EXERCISE:
Where the line containing "glossy sticker, butt" appears, start copying; continue through the last line below and copy nothing else.

DATA FOR THIS TASK:

════════

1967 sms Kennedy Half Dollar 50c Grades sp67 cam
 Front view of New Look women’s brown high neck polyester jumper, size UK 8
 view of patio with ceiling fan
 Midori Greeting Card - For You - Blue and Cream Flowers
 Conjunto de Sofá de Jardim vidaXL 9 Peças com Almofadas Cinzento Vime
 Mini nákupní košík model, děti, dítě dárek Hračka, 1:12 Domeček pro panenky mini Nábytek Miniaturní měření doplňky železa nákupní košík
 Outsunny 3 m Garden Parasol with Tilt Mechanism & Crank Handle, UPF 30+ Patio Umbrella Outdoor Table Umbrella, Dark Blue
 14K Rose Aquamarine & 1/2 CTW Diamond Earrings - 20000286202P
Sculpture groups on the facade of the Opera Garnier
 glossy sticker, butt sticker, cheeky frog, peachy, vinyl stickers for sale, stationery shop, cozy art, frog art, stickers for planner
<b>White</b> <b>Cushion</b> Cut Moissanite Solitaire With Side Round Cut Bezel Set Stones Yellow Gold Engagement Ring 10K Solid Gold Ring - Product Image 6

════════

WRITTEN RESPONSE:
 glossy sticker, butt sticker, cheeky frog, peachy, vinyl stickers for sale, stationery shop, cozy art, frog art, stickers for planner
<b>White</b> <b>Cushion</b> Cut Moissanite Solitaire With Side Round Cut Bezel Set Stones Yellow Gold Engagement Ring 10K Solid Gold Ring - Product Image 6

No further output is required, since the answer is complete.